But I’m always looking for the easiest route and think that the most logical structures to start with are the foundation or permanent (or semi-permanent) fencing in your yard or garden. Fencing that you already have on your property, is fair game as a support for vertical vegetables. For that matter, so are trellises, or arbors that were previously used for roses, clematis, or other ornamental plants.

The fencing that separates your property from your neighbor’s is a logical place to start when planning on gardening up. One way to utilize solid, wood-paneled fencing is by attaching hanging baskets, pots, and other growing containers to it. With this type of vertical garden, you wouldn’t be worrying about vegetable plants that climb, it would be about veggies and fruit that grow well in containers such as lettuce, radishes, strawberries, herbs, and the like.

Wood fencing made with flat boards doesn’t offer anything for climbing veggies to “grab” in order to hoist themselves up, but attaching a trellis or other grid-type material is a game-changer. Now, the tendrils and twiners have all the support they need. Some yards are surrounded by low, picket-type fencing. Fences that are constructed with both vertical or horizontal materials can be used as a home for climbing veggies. Hanging planters can also be secured to the top of this type of fence and still be within the gardener’s reach.

Chain-link fencing, while technically ugly, turns out to be undeniably useful as a vertical garden structure. It’s a climbing plant’s dream. Not to mention that when something with full foliage is planted against it, it’s transformed into an attractive “solid” wall. I’ve grown grape vines along our short, chain-link fence and I loved the look.

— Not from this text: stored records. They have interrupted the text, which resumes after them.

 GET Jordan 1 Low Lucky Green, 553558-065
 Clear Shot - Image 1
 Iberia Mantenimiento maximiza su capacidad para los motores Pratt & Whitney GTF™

But heed my warning here: Most vegetable plants are going to be of the annual sort. Which means that the plant is going to die at the end of every season. Which means that you’ll be picking the dead, brittle, twining vines off and out of that chain link. Capische? Now, this information never stopped me, but I felt it was only fair to offer up the dirty details. By the way, the grape vines weren’t nearly as bad as the dead green bean vines.

Solid cement wall fences have an additional perk that most don’t; a flat, secure top. Rectangular planter boxes can be placed along the top of the wall for an instant vertical garden. Plant those boxes or troughs with peas and harvest the pods as they grow down instead of up.

This is just the tip of the proverbial iceberg, my gardening friends, by thinking vertically, you’ll find a surprising amount of gardening space where there was none before.